--- Data provided ---

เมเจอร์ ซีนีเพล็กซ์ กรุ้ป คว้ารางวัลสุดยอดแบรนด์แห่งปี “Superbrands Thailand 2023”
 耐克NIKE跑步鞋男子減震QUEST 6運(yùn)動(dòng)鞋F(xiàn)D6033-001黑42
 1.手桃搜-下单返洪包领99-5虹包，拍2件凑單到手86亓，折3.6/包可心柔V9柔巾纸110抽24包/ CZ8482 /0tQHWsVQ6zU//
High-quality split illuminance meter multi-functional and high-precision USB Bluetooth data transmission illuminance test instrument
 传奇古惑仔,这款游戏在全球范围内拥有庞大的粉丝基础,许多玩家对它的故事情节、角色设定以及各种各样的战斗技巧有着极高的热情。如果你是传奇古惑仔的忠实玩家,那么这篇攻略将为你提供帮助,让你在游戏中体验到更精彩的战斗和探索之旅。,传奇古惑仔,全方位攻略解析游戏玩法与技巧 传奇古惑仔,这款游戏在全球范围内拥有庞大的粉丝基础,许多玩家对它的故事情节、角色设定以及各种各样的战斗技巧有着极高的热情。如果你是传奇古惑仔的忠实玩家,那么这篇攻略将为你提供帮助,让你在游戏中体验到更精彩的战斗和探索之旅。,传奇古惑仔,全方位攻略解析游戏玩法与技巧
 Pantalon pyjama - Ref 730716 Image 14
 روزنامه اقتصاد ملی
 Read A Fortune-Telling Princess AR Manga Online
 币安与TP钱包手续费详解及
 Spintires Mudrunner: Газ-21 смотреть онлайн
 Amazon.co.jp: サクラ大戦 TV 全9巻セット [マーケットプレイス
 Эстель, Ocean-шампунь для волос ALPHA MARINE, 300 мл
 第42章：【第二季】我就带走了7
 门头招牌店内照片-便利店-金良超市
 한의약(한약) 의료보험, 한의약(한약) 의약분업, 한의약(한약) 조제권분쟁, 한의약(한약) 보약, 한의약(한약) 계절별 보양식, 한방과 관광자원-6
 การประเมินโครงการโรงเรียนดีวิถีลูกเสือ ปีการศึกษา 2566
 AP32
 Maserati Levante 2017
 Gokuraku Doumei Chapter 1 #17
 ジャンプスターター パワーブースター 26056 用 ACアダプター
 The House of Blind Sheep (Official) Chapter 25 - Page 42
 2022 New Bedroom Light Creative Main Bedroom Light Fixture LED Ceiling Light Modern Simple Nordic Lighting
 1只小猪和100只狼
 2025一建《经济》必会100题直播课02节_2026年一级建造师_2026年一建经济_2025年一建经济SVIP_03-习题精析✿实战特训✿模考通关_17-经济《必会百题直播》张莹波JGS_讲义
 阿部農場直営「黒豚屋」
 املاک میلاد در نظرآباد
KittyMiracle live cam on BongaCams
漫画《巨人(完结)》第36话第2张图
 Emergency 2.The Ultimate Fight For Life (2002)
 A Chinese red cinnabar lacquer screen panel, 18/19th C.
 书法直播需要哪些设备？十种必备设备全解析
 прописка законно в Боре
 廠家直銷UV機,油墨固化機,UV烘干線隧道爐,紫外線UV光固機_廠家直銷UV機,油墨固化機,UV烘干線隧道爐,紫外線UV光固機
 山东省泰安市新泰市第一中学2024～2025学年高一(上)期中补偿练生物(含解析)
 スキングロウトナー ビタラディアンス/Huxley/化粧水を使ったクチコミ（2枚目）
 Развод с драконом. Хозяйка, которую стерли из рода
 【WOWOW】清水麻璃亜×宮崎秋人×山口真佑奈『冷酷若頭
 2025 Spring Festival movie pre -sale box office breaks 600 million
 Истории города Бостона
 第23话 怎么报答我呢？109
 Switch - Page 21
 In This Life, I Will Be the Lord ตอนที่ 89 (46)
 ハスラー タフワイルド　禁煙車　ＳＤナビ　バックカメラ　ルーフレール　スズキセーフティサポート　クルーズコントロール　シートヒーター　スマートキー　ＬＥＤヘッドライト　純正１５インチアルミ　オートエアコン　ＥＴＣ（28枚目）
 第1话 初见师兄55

---

◆ What you will do ◆
Output the lines of the records above exactly as they appear, from the line containing "Эстель, Ocean-шампунь для" through the line containing "The House of".

◆ Task result ◆
 Эстель, Ocean-шампунь для волос ALPHA MARINE, 300 мл
 第42章：【第二季】我就带走了7
 门头招牌店内照片-便利店-金良超市
 한의약(한약) 의료보험, 한의약(한약) 의약분업, 한의약(한약) 조제권분쟁, 한의약(한약) 보약, 한의약(한약) 계절별 보양식, 한방과 관광자원-6
 การประเมินโครงการโรงเรียนดีวิถีลูกเสือ ปีการศึกษา 2566
 AP32
 Maserati Levante 2017
 Gokuraku Doumei Chapter 1 #17
 ジャンプスターター パワーブースター 26056 用 ACアダプター
 The House of Blind Sheep (Official) Chapter 25 - Page 42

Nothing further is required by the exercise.